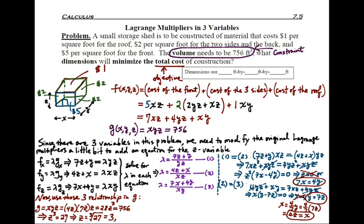With z = 3 resolved, we use x = 4z to get x = 12, and y = 7z to get y = 21. Remember to answer the question: the question asks for the dimensions of the box. Going back to the picture, the dimensions are precisely 12 feet by 21 feet by 3 feet. This concludes the problem.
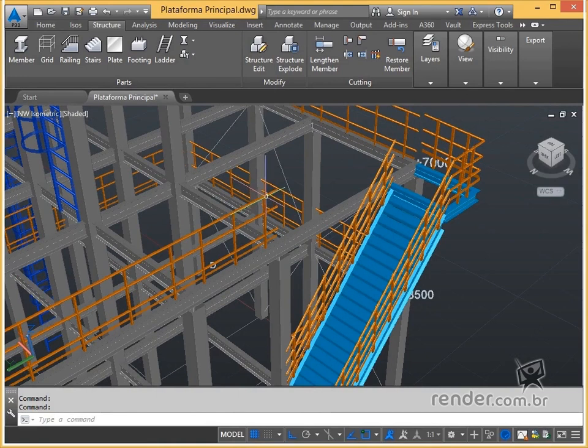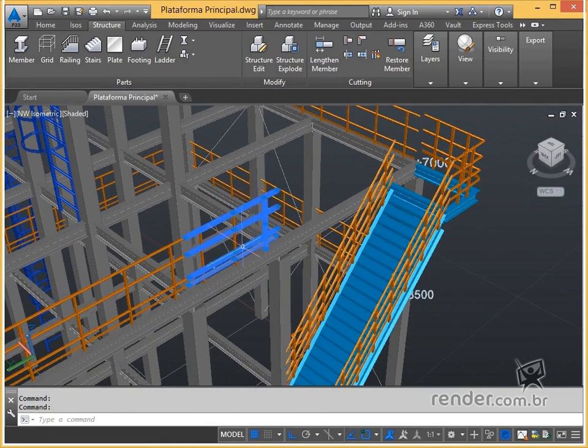Now we use the copy command to make a copy of the bodyguard of the structure and fill the space that is without a bodyguard on the platform.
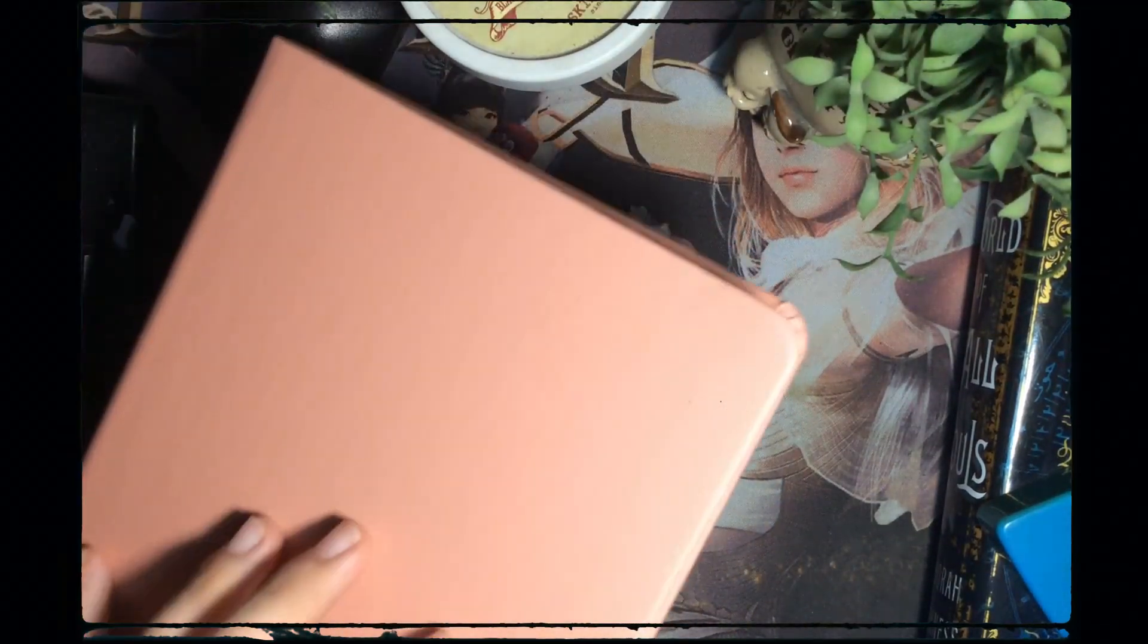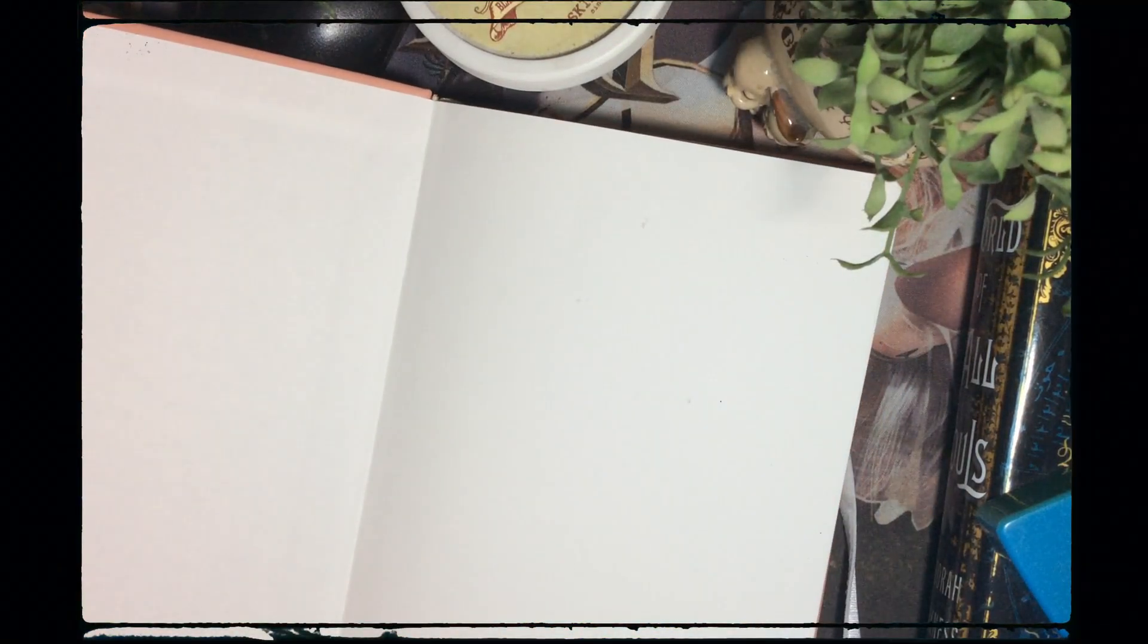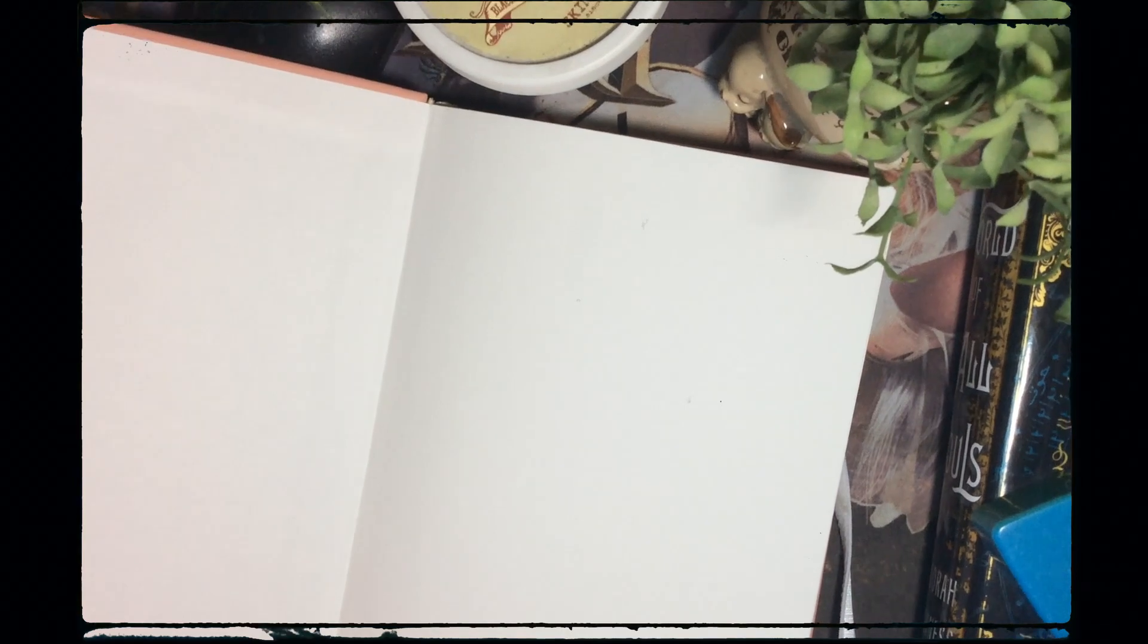So I got interested, and since the current sketchbooks I have are running out of pages, I thought it would be a great time to try out a new sketchbook.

> THE PROBLEM:
Please give again only those lines that run from the one containing "Now we use the" through the final line of the listing, both included, exactly as written and without pictures.

> ANSWER TO THE EXERCISE:
Now we use the copy command to make a copy of the bodyguard of the structure and fill the space that is without a bodyguard on the platform.
So I got interested, and since the current sketchbooks I have are running out of pages, I thought it would be a great time to try out a new sketchbook.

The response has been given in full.